* Assignment *
Leave out the images and output the records word for word.

* The data *
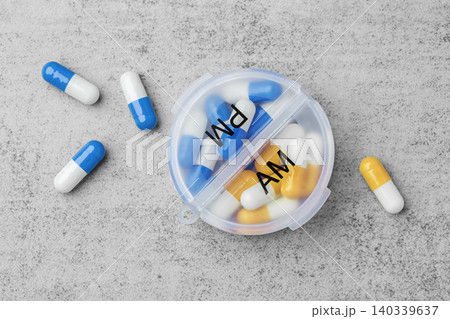 Daily pill box organizer with AM and PM compartments with blue and yellow capsules on a grey concrete background Daily pill box organizer with AM and PM compartments with blue and yellow capsules on a grey concrete background 140339637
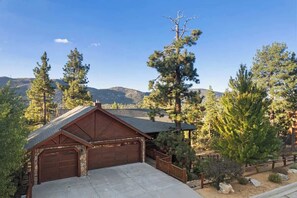 A wooden cabin with a garage, surrounded by trees and mountains.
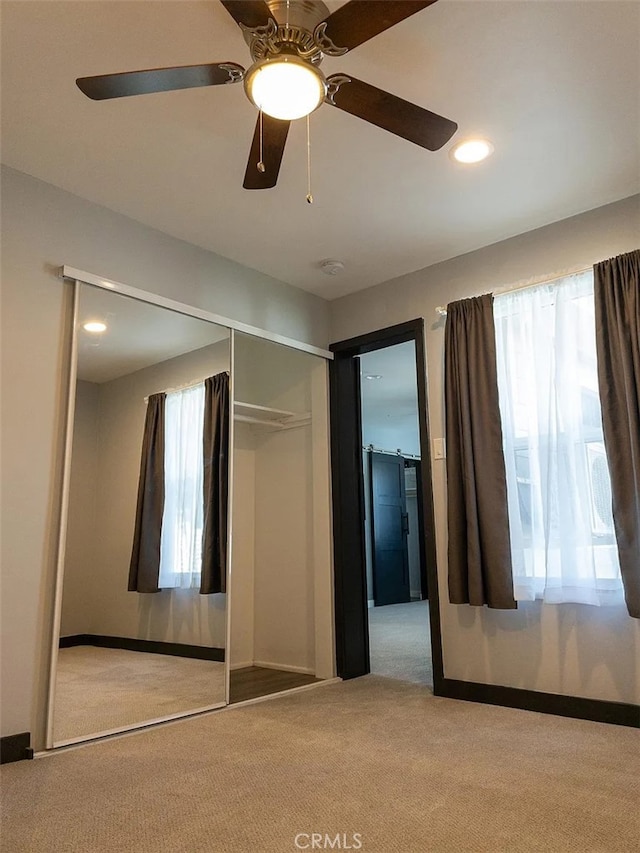 unfurnished bedroom featuring ceiling fan, a closet, and light colored carpet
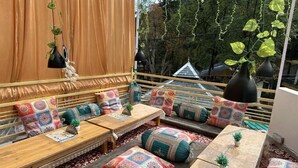 A cozy outdoor seating area with cushioned benches and tables, adorned with colorful cushions and small potted plants.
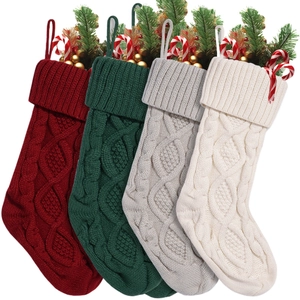 Set of four knitted Christmas stockings in wine red, green, grey, and cream colors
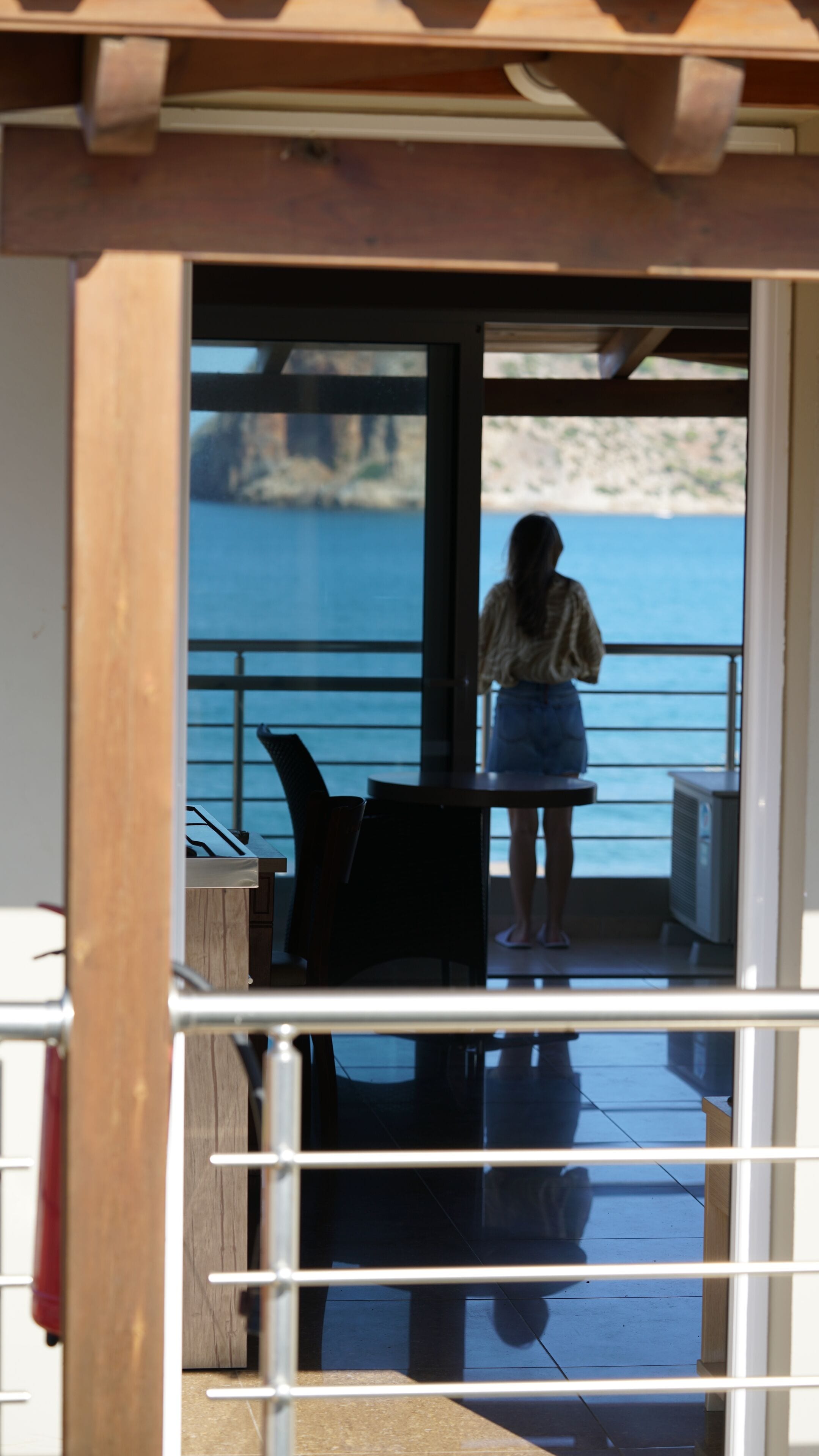 A person standing on a balcony with a view of the sea and cliffs.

* Result *
 Daily pill box organizer with AM and PM compartments with blue and yellow capsules on a grey concrete background Daily pill box organizer with AM and PM compartments with blue and yellow capsules on a grey concrete background 140339637
 A wooden cabin with a garage, surrounded by trees and mountains.
 unfurnished bedroom featuring ceiling fan, a closet, and light colored carpet
 A cozy outdoor seating area with cushioned benches and tables, adorned with colorful cushions and small potted plants.
 Set of four knitted Christmas stockings in wine red, green, grey, and cream colors
 A person standing on a balcony with a view of the sea and cliffs.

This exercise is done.